> [WORK INSTRUCTION]
The output should match, line for line, the records from the line containing "When you're ready" through the line containing "There we go.", with every picture left out.

> [DATA FOR PROCESSING]
+--
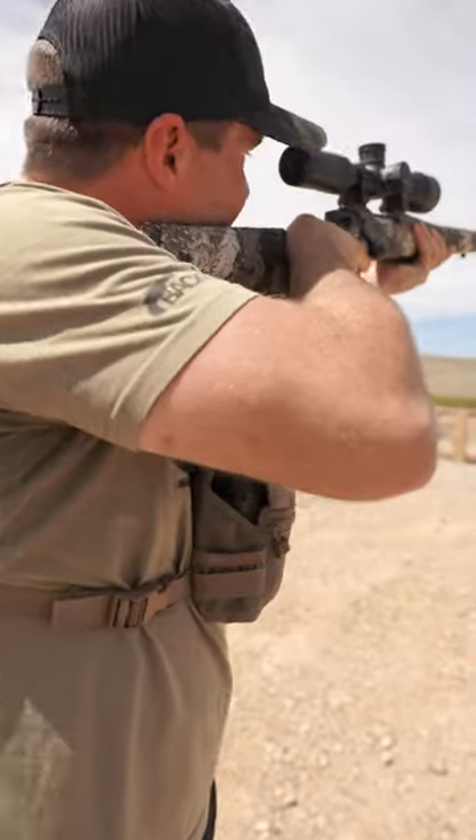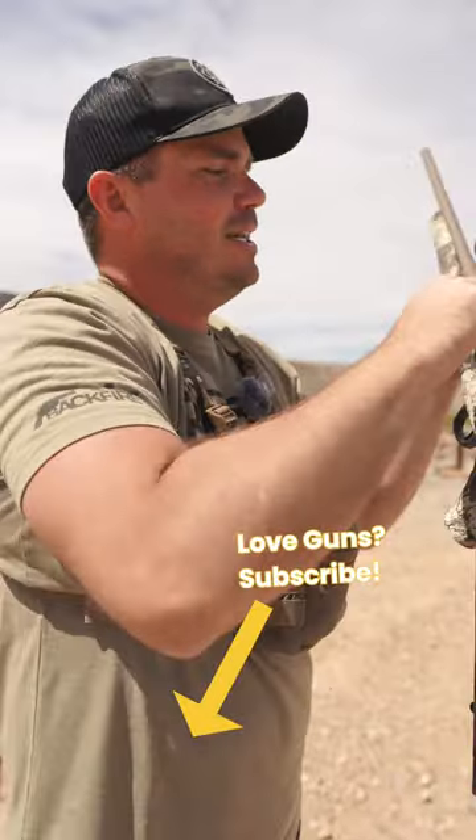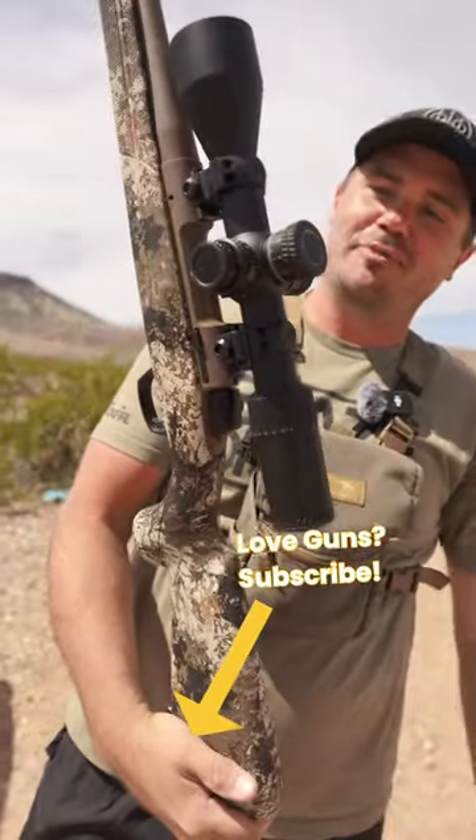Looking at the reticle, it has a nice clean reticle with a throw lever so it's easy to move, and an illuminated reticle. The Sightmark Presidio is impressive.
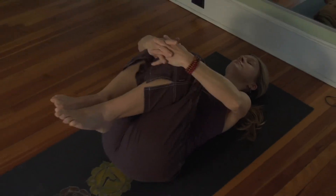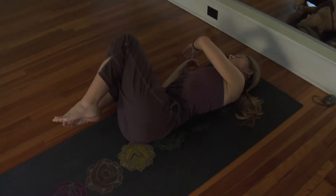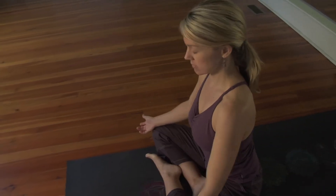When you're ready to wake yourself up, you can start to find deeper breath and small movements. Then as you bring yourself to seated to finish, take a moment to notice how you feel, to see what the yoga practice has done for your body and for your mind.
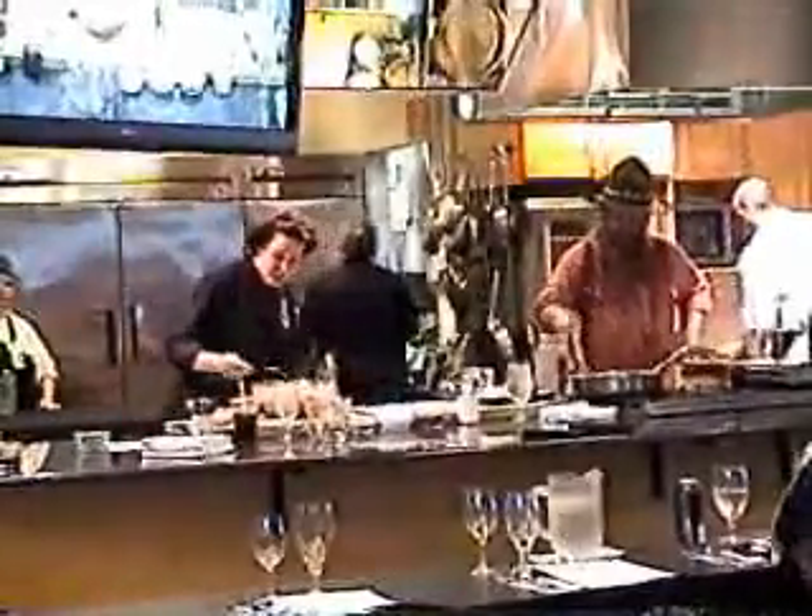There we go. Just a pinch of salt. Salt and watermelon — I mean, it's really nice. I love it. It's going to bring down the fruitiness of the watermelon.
+--
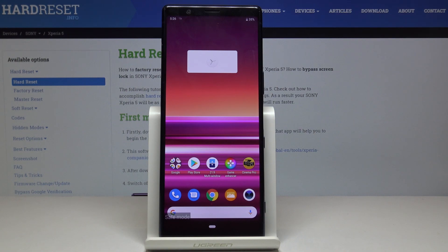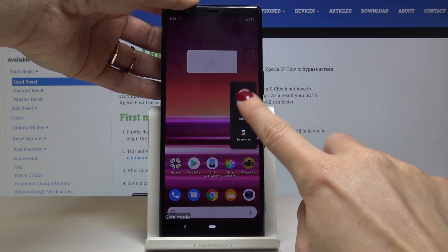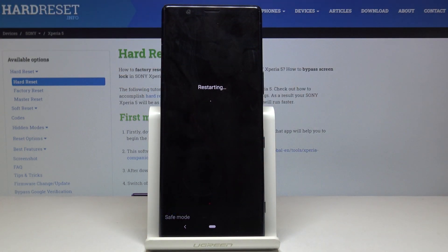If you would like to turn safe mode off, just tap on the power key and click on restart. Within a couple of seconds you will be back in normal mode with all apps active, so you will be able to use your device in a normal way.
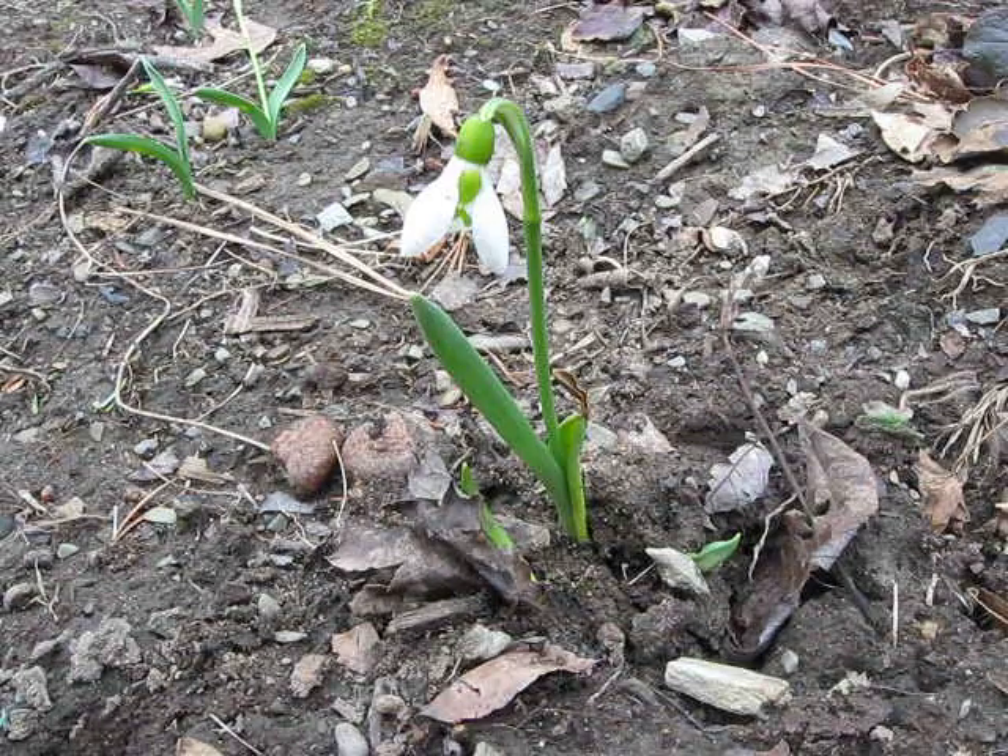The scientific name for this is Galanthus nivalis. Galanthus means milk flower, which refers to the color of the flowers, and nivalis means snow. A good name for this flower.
+--
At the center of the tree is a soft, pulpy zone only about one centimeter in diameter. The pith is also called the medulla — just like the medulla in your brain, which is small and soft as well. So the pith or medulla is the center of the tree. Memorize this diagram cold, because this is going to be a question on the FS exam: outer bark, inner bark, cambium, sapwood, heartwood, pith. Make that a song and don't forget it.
+--
> [RESULT]
When you're ready to wake yourself up, you can start to find deeper breath and small movements. Then as you bring yourself to seated to finish, take a moment to notice how you feel, to see what the yoga practice has done for your body and for your mind.
There we go. Just a pinch of salt. Salt and watermelon — I mean, it's really nice. I love it. It's going to bring down the fruitiness of the watermelon.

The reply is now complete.